> **Data supplied**:
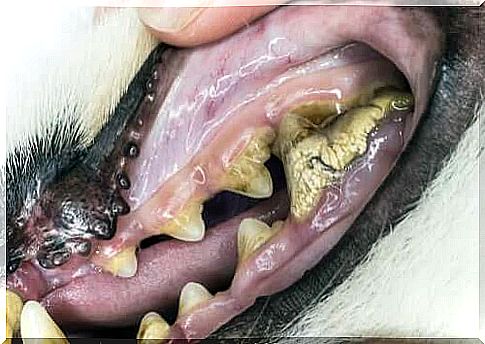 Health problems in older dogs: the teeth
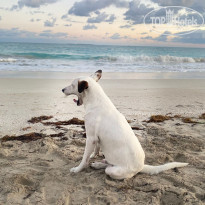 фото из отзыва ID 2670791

* * *

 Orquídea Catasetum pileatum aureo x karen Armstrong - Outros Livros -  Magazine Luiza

> **Exercise instructions**:
Of all the material above, only the lines from the one that has "Health problems in older dogs: the teeth" down to the one that has "фото из отзыва ID 2670791" are to be written out, exactly and with both ends included. Pictures are skipped.

> **Response**:
 Health problems in older dogs: the teeth
 фото из отзыва ID 2670791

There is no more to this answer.